Diventa una questione di intenzione contro l’impatto.

L’attivista Nupol Kiazolu, presidente di Black Lives Matter of Greater New York, ha chiamato il #BlackoutTuesday “frustrante” e “controproducente”. Ha incoraggiato le persone a vedere i post di blackout solo come una piccola parte di ciò che possono fare dalla comodità dei loro smartphone, come donare denaro e oggetti alle organizzazioni che stanno facilitando le marce.

“Postare è solo un passo”, ha detto Kiazolu. “Se non puoi venire in prima linea, c’è sempre qualcosa di più che puoi fare oltre a postare.”

Il lato positivo delle frustrazioni degli attivisti è che i post sui social media possono spesso portare ad altre azioni.

Le persone che sono attive online durante le proteste sono misurabilmente efficaci nel diffondere informazioni sul messaggio di un movimento, secondo uno studio del 2015 condotto da ricercatori della New York University. Ha scoperto che una persona che è anche alla periferia di un movimento può ancora contribuire alla causa più grande informando gli altri sui social media, espandendo la consapevolezza e la mobilitazione. Un nuovo studio di ricercatori nei Paesi Bassi ha scoperto che c’era una correlazione positiva tra gli sforzi di attivismo online e offline di una persona.
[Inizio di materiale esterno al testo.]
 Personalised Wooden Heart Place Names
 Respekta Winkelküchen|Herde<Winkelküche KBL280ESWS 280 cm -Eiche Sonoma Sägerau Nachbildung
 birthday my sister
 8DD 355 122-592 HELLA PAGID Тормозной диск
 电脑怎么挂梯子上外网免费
E ci sono alcune prove che l’attivismo dei social media ha stimolato le donazioni. Gli sforzi di raccolta fondi online per i fondi di cauzione e le organizzazioni no-profit sulla scia delle proteste per la morte di Floyd hanno ricevuto donazioni significative online, con gli esperti che accreditano il potere di una chiamata all’azione dei social media e il desiderio collettivo di responsabilità sociale.
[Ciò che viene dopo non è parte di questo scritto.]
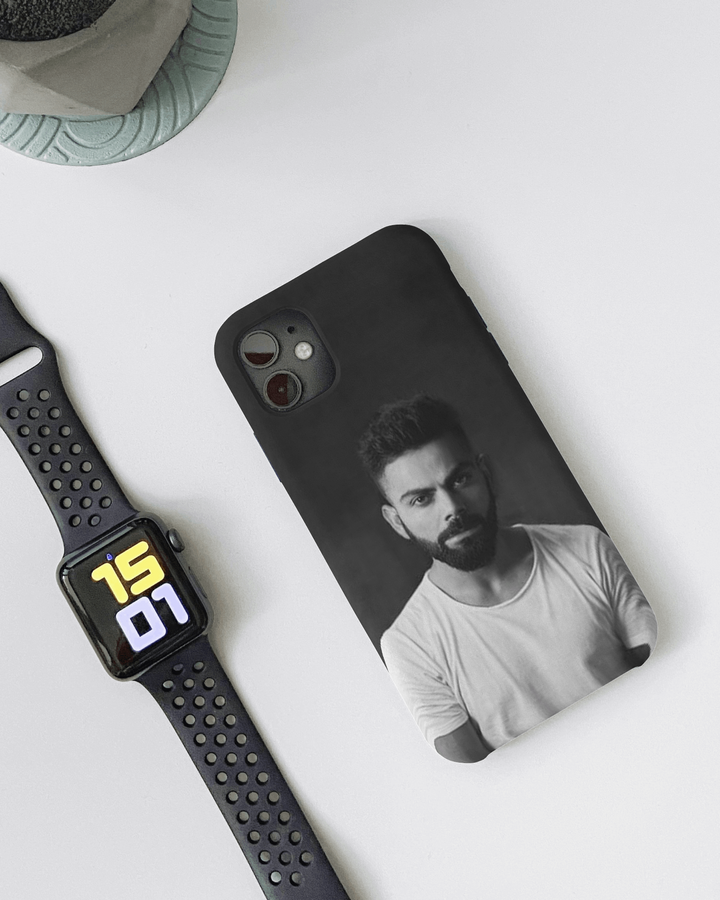 Virat Black _ White Phone Case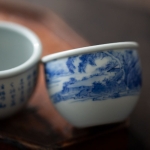 imperial blue teacup shanshui 11 | BITTERLEAF TEAS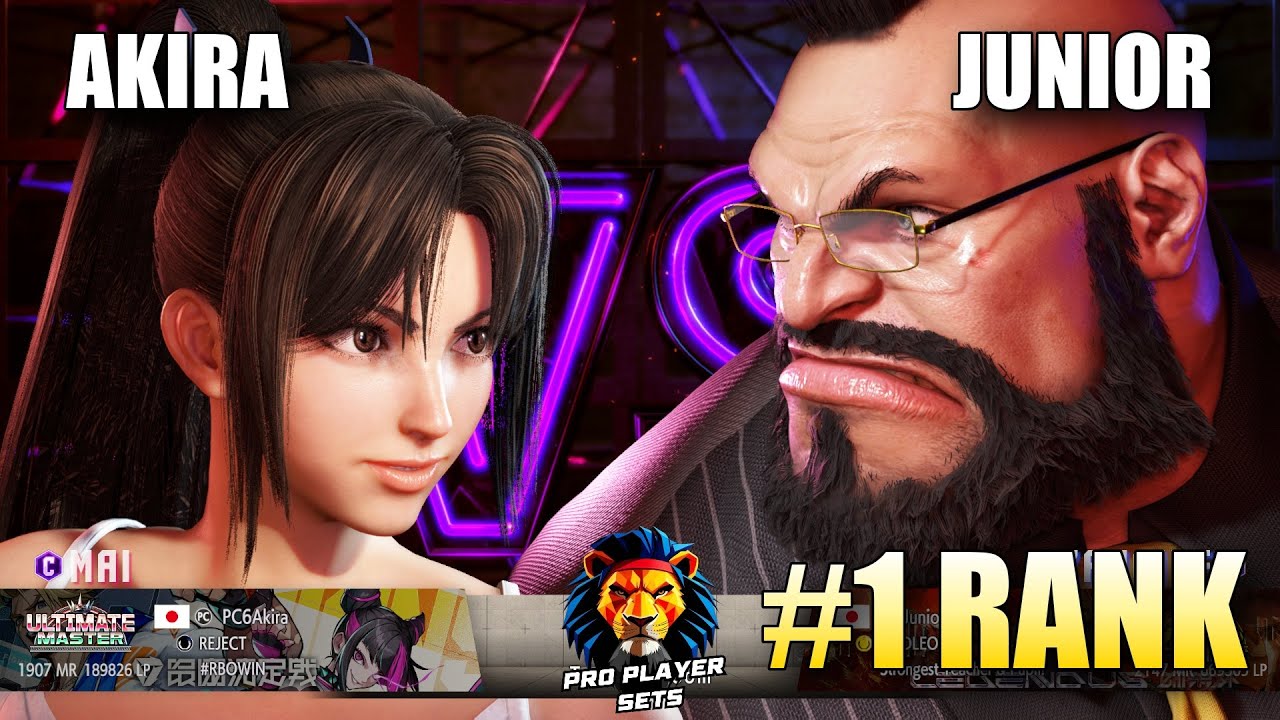 SF6 ☆ Akira (Mai) VS Junior (#1 Ranked Zangief) ☆ Pro Level Set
“È spesso una falsa dicotomia tra attivismo online e offline”, ha detto Rachel Einwohner, un professore di sociologia alla Purdue University che studia i movimenti sociali. “Molte persone che postano stanno anche facendo qualcosa offline, che sia l’attivismo ad alto rischio di andare nelle strade o che sia donare del denaro o avere conversazioni con persone che hanno bisogno di essere educate sulla polizia e sul razzismo.”

Ma lo slacktivism può andare solo fino a un certo punto. L’educazione e l’allargamento degli orizzonti hanno assunto maggiore importanza man mano che il movimento Black Lives Matter sottolinea le dinamiche sociali che hanno portato al razzismo sistemico.
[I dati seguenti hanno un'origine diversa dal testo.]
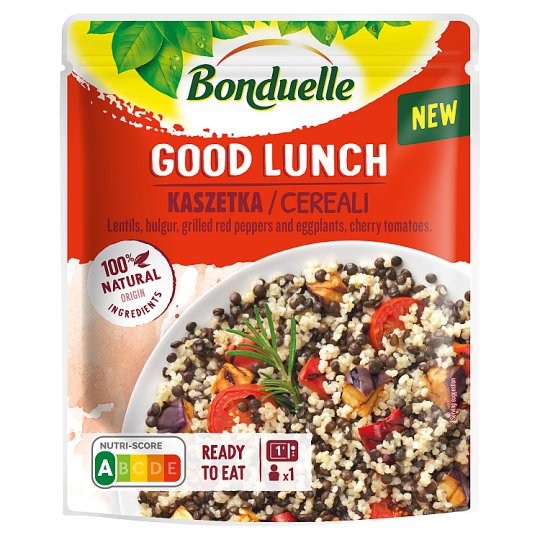 Bonduelle Good Lunch Lentils, Bulgur, Grilled Red Peppers and Eggplants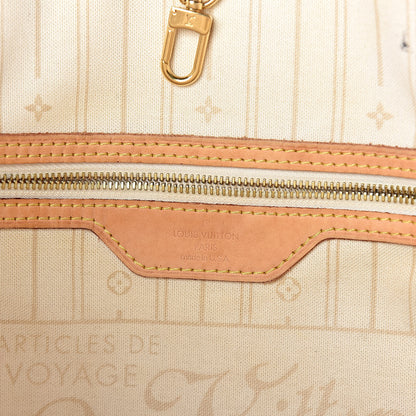 Louis Vuitton Damier Azur Neverfull MM 6 of 17
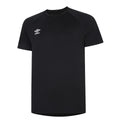 Black - Front - Umbro Mens Rugby Drill Top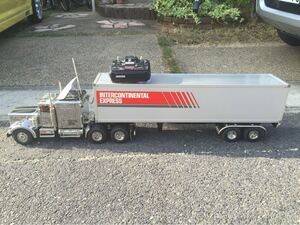 タミヤ キングハウラー メタリックスペシャル トレーラー付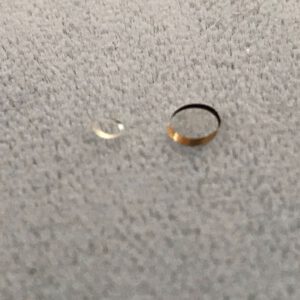 Window Oval Solder Sapphire Ø 2.95 x 0.40 60°
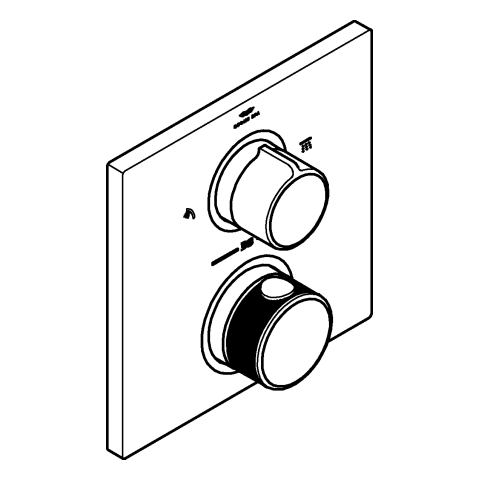 Grohe Thermostat-Brausebatterie Allure chrom Fertigmontage-Set für Rapido SmartBox 29181002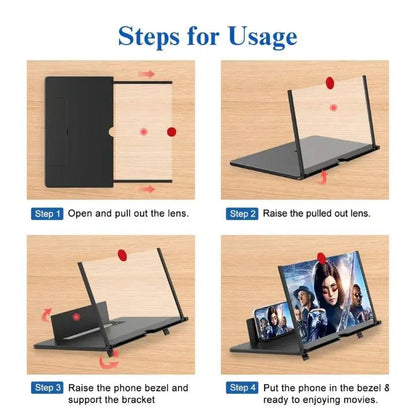Folding Phone Screen Magnifier – HD for Videos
Se la gente vuole veramente protestare per il movimento Black Lives Matter, dovrebbe seguire le organizzatrici nere, l’account Twitter Black Lives Matter e gli attivisti che sono stati a lungo in prima linea, ha detto Jackson. Ma soprattutto, ha detto, è importante per le persone accantonare la loro arroganza sul movimento ed essere disposti ad ammettere quando si sbagliano.

“È difficile diventare un attivista quando non lo sei mai stato prima”, ha detto. “Per Miller e Kiazolu, correggere l’attivismo frivolo dei social media, mentre navigano su come organizzare e mobilitare la città più popolosa del paese, è parte di una discussione più lunga su cosa accadrà in futuro.

“A un certo punto, dobbiamo spostare la conversazione per parlare di sostenibilità”, ha detto Miller della Freedom March NYC. “Cosa significa assicurarsi che il messaggio non finisca quando le luci e le telecamere si spengono?”